La comparazione tra Shoah e nuove atrocità di massa permette di "cogliere le differenze e le novità, evitando di separare un genocidio da un altro precedente. Così chi applica questo metodo non solo come storico, ma anche come testimone di un popolo che ha subito un crimine di massa, non vivrà più la sua esperienza negativa come un’eccezione nella storia dell’umanità, ma quanto gli è capitato lo renderà solidale nei confronti di altre sofferenze umane".
Sarà solidarietà intesa anche come manifestazione concreta e riconoscimento universale dell’amicizia morale dei Giusti dell’umanità. Paradigma eticosociale e politico di quanti – per dirlo con la legge che ha istituito in Italia la Giornata in memoria dei Giusti dell’umanità – in ogni tempo e in ogni luogo, hanno fatto del bene salvando vite umane, si sono battuti in favore dei diritti umani durante i genocidi e hanno difeso la dignità della persona rifiutando di piegarsi ai totalitarismi e alle discriminazioni tra esseri umani. Quindi non solo Giusti che hanno salvato ebrei ma ogni Giusto che prova a salvare l’umano, "anche quando le ideologie, la ragion di Stato, il politically correct ti spingono in un’altra direzione".

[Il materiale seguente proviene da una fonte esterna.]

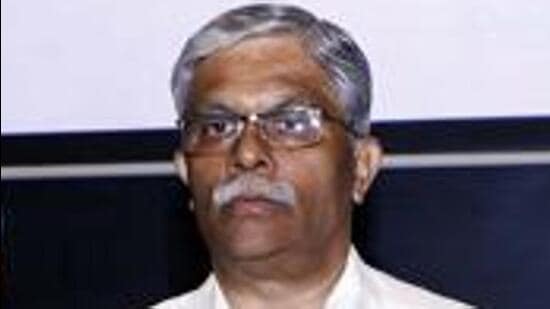 Prof Karmalkar said, SPPU is not operational on the Twitter platform and still it is connected to more than seven lakh students. (HT PHOTO)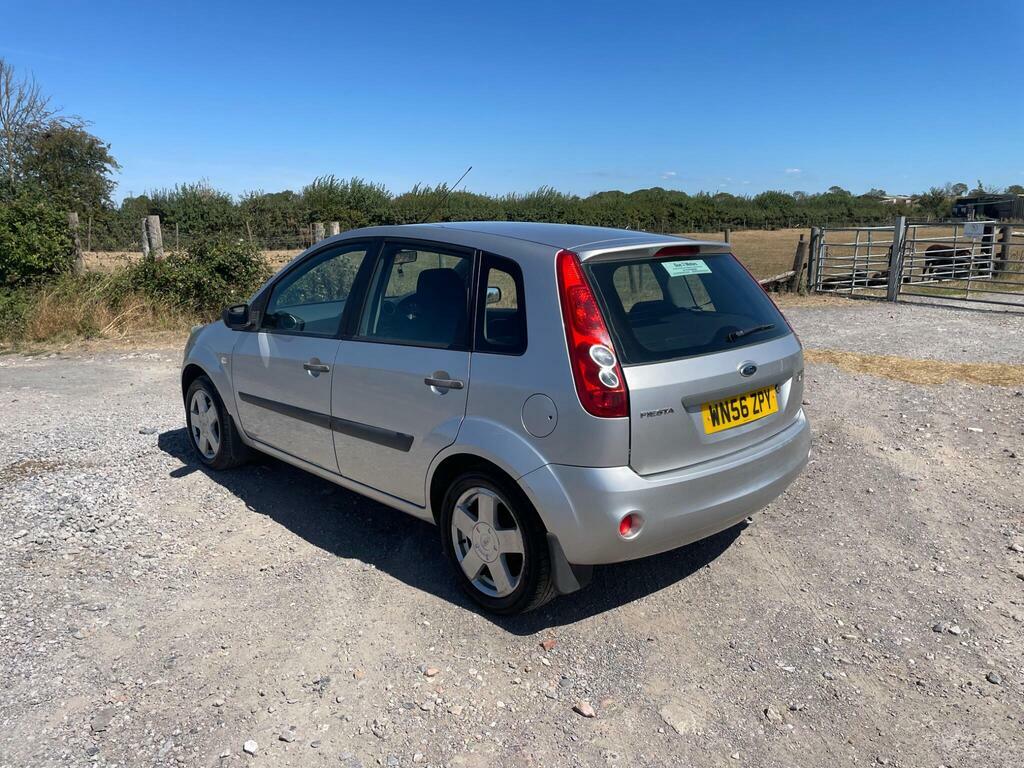 Ford Fiesta 1.4 Fiesta Zetec Climate Purple #8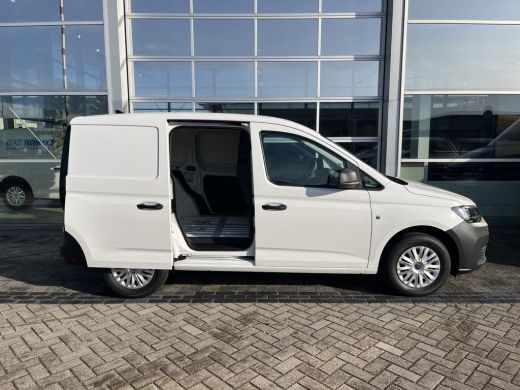 Volkswagen Caddy BPM VRIJ | 102 PK | Airco | Trekhaak | Apple Carplay | PDC achter | ActivLease financial lease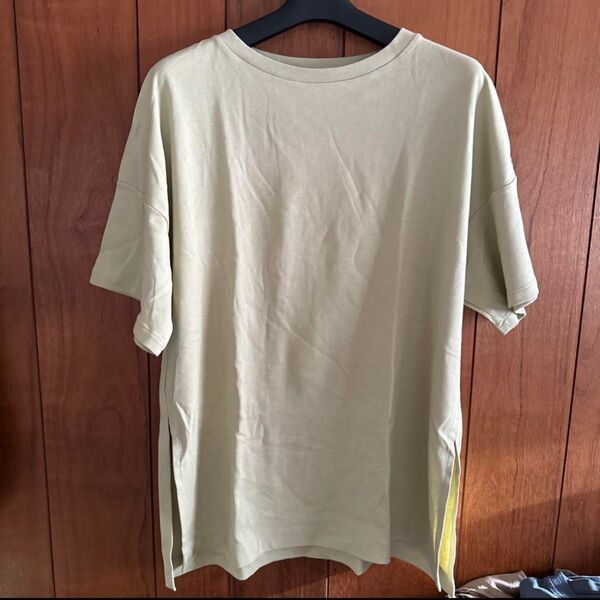 GU Tシャツ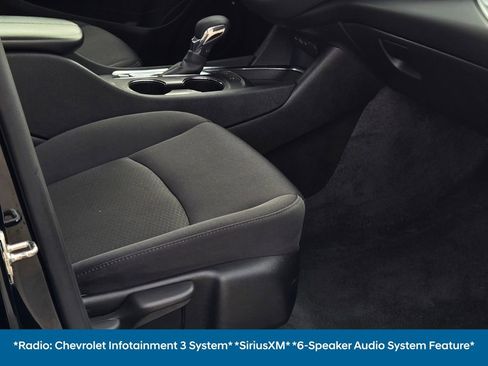 Used 2024 Chevrolet Malibu LT image 11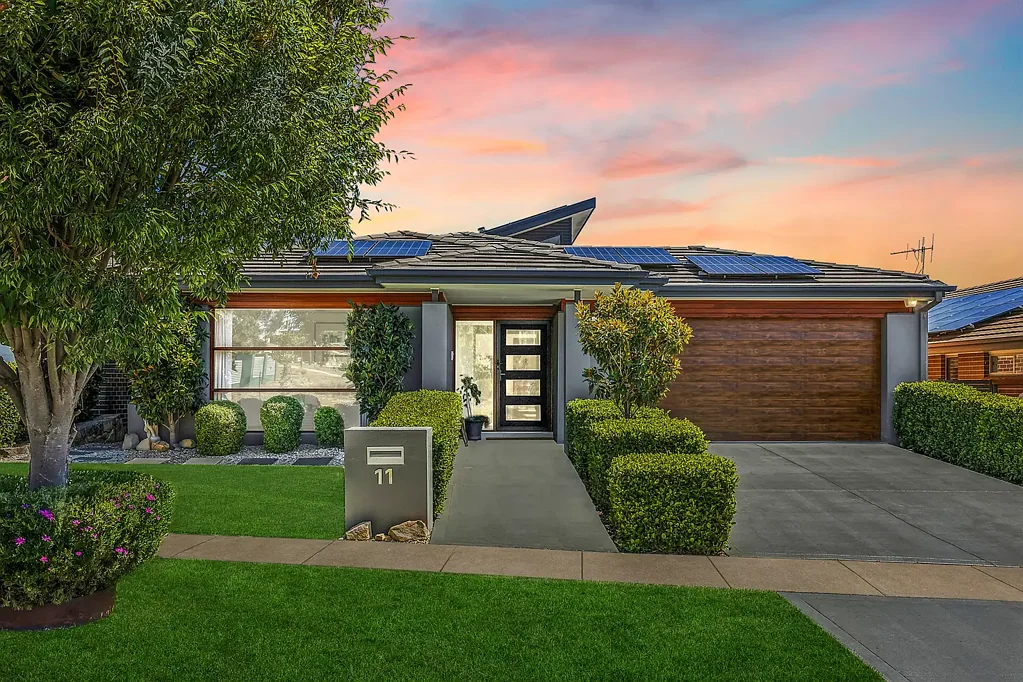 11 Hibberd Crescent, Forde, ACT 2914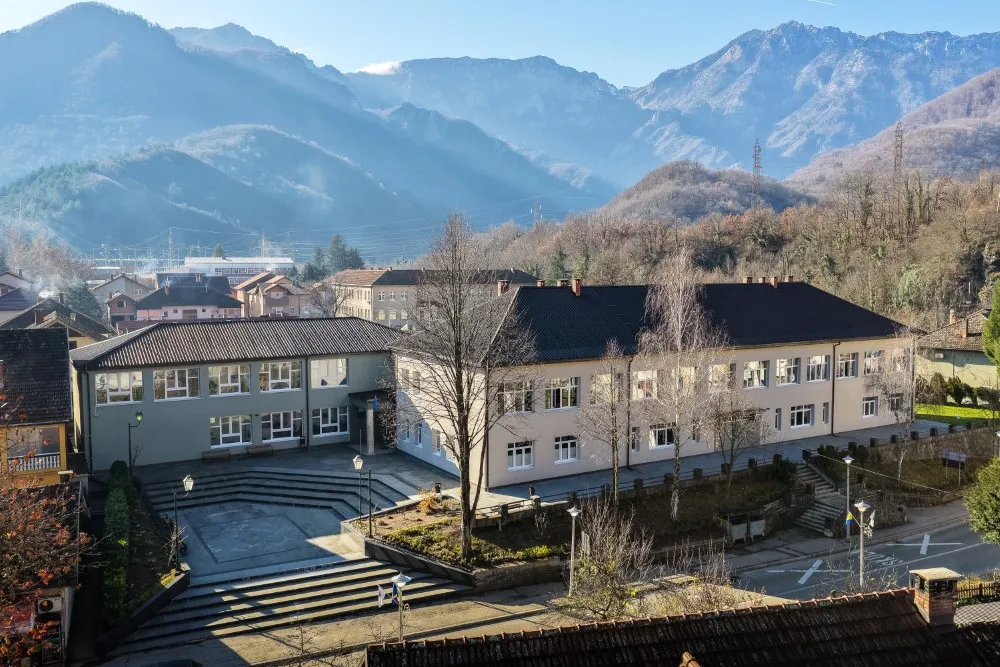 Svi maturanti u Jablanici dobit će po 300 KM
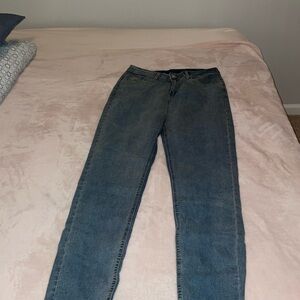 Women's Straight Leg Jeans in Classic Blue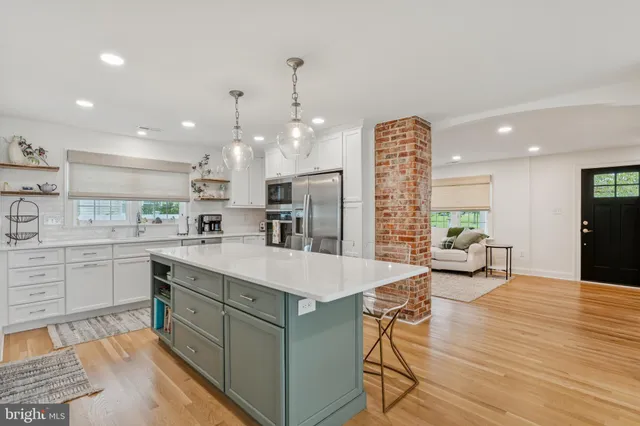 $800,000 | 207 Seymour Avenue, St. Michaels, MD 21663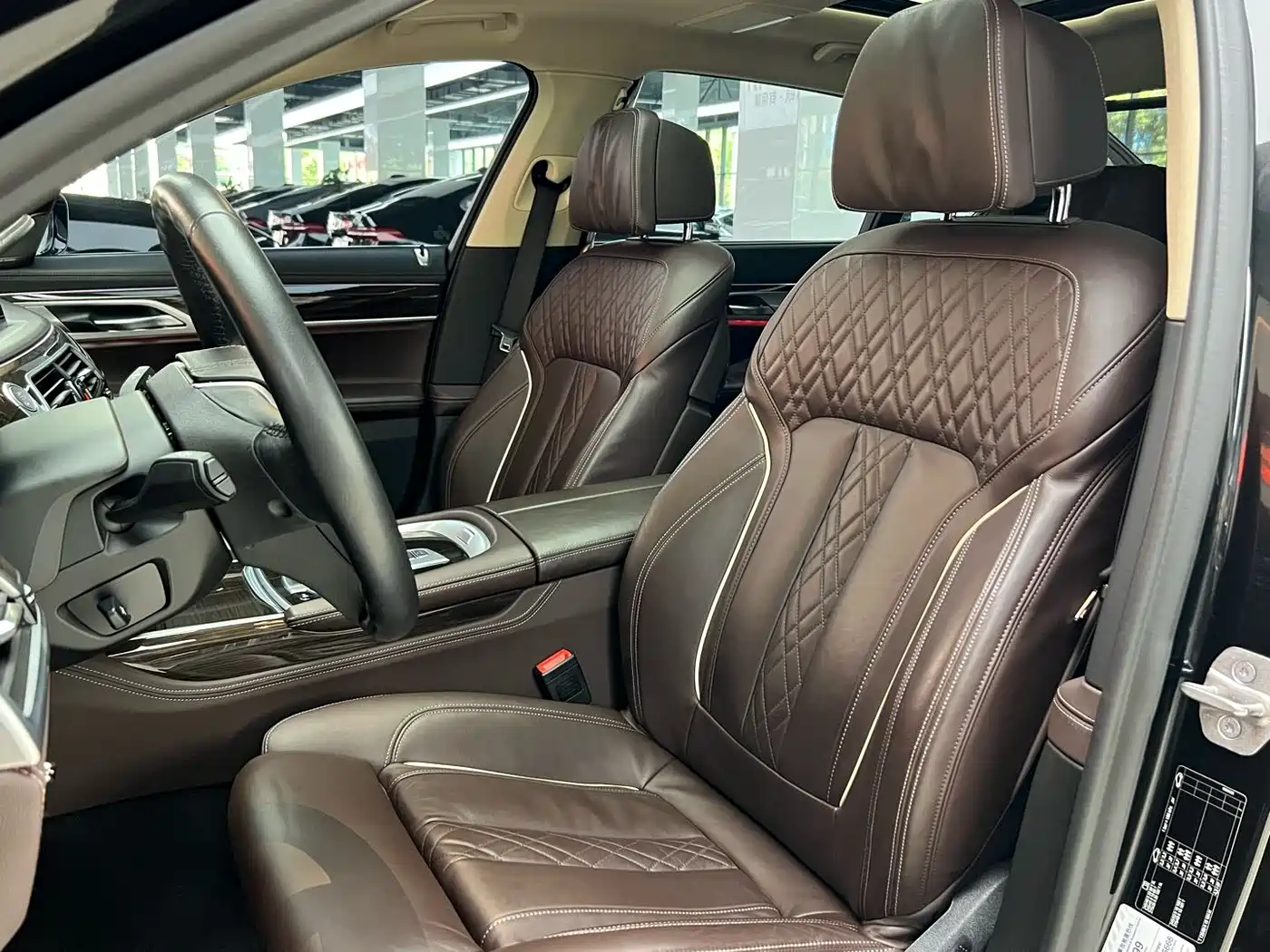 BMW 7 Series 2021 Model 730Li Luxury Package фото 9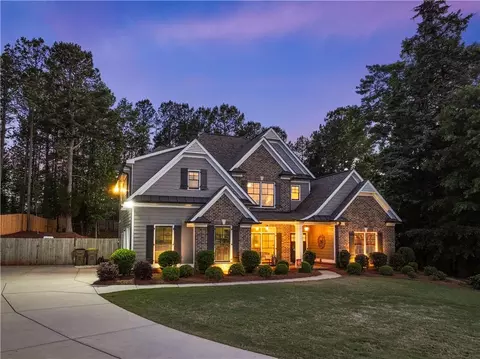 Exterior - 4018 Silverstone Dr, Braselton, GA 30517 photo 9 of 21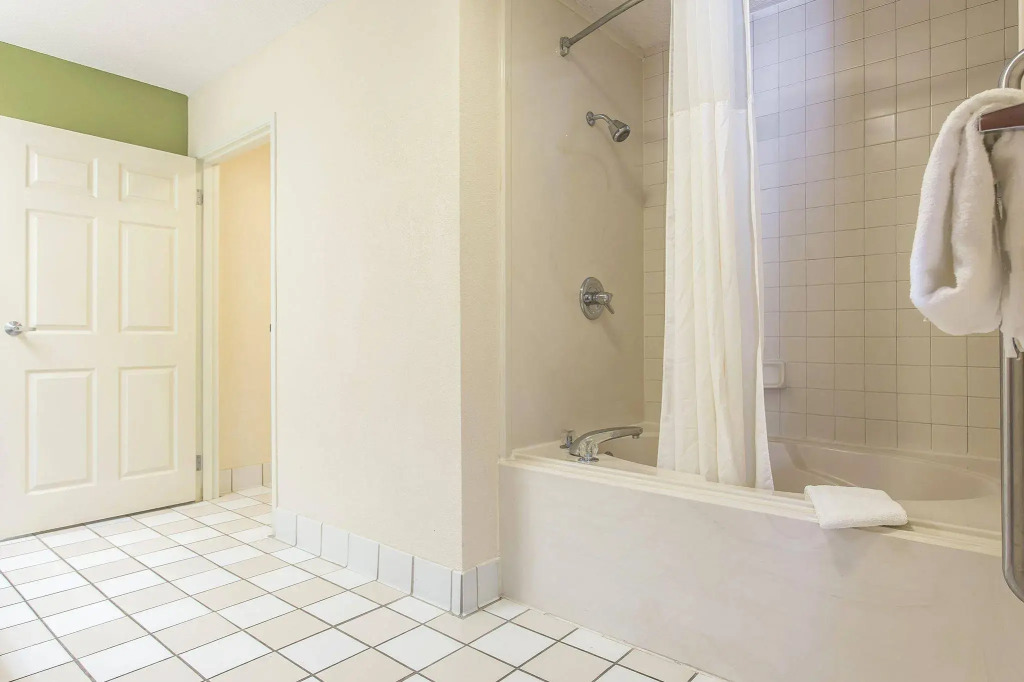 Sleep Inn & Suites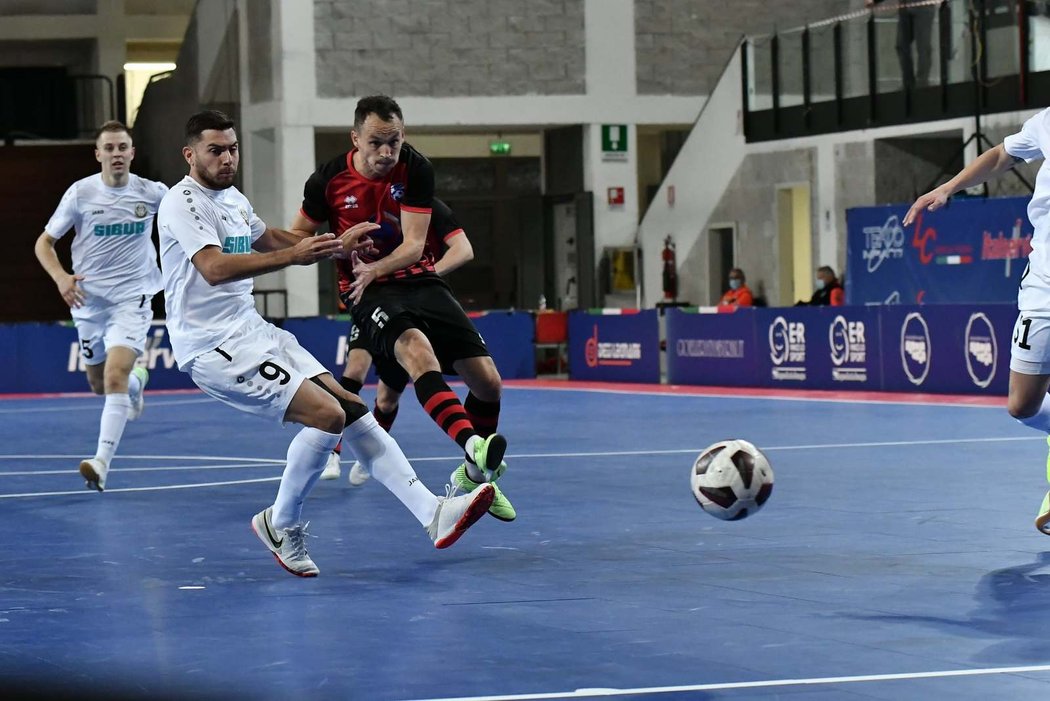 Futsalisté SK Interobal Plzeň zvítězili v utkání Ligy mistrů ruskou Tjumeň senzačně a nečekaně 1:0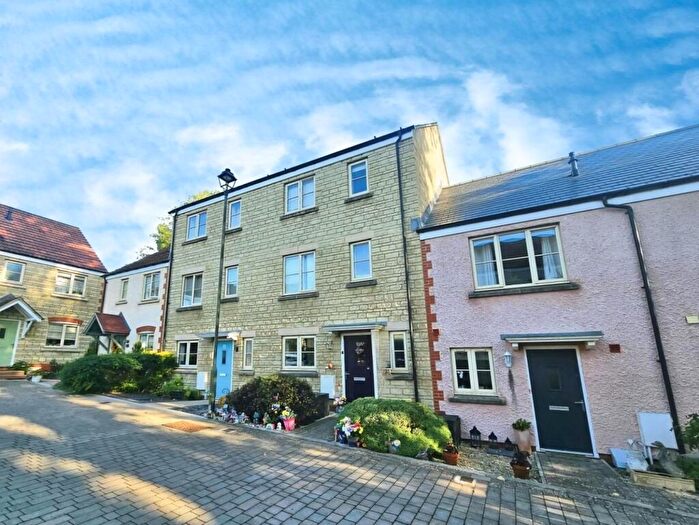 4 Bedroom Terraced House For Sale In Britannia Mews, Wotton-Under-Edge, GL12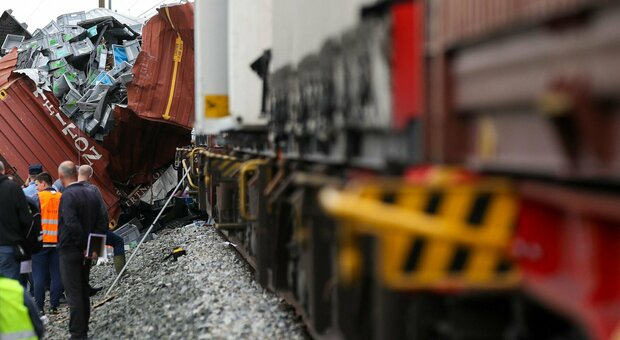 Incidente tra treni nella notte: il convoglio passeggeri investe quello merci a 100 all'ora, 6 morti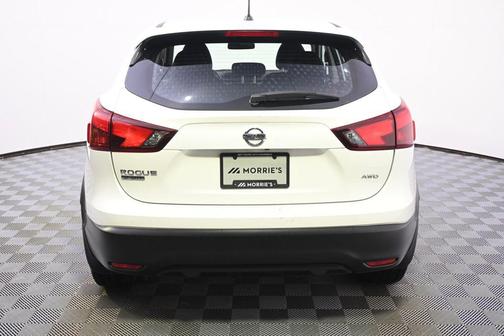 Glacier White 2017 Nissan Rogue Sport S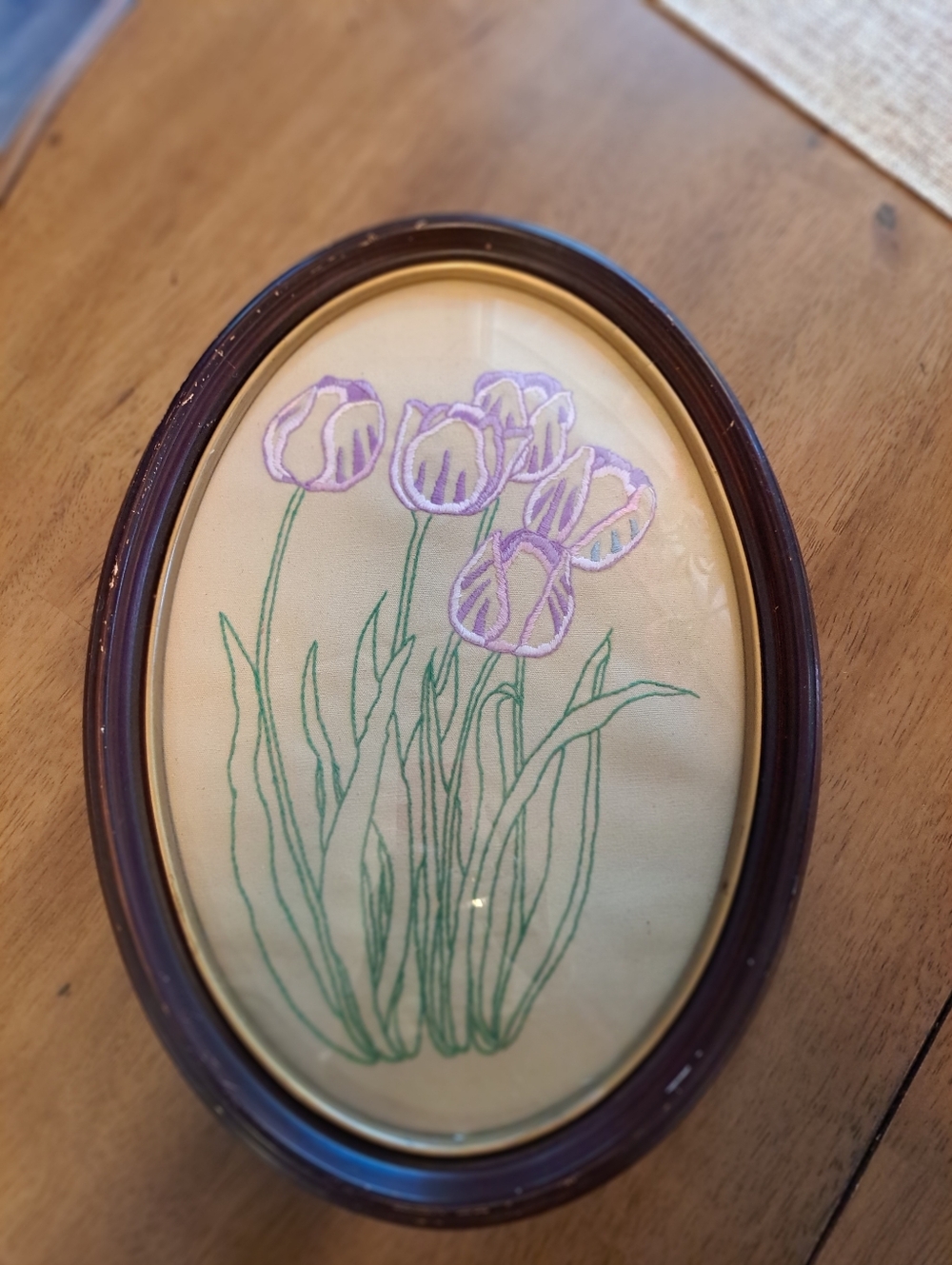 Vtg Wall ART in Oval Frame. Beveled Glass. 14" x 10"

È quell’amicizia morale che si fonda sul valore inviolabile della libertà che ci fa sentire davvero liberi quando anche gli altri sono liberi. Ricordava Vasilij Grossman – scrittore russo e testimone dell’Holodomor e dell’annientamento degli ebrei in Unione Sovietica durante l’invasione nazista – che "mentre l’anelito inviolabile alla libertà condanna a morte il totalitarismo […] l’uomo non rinuncia mai volontariamente alla libertà. E questa conclusione è il faro della nostra epoca, un faro acceso nel nostro futuro". Parole premonitrici e sempre attuali.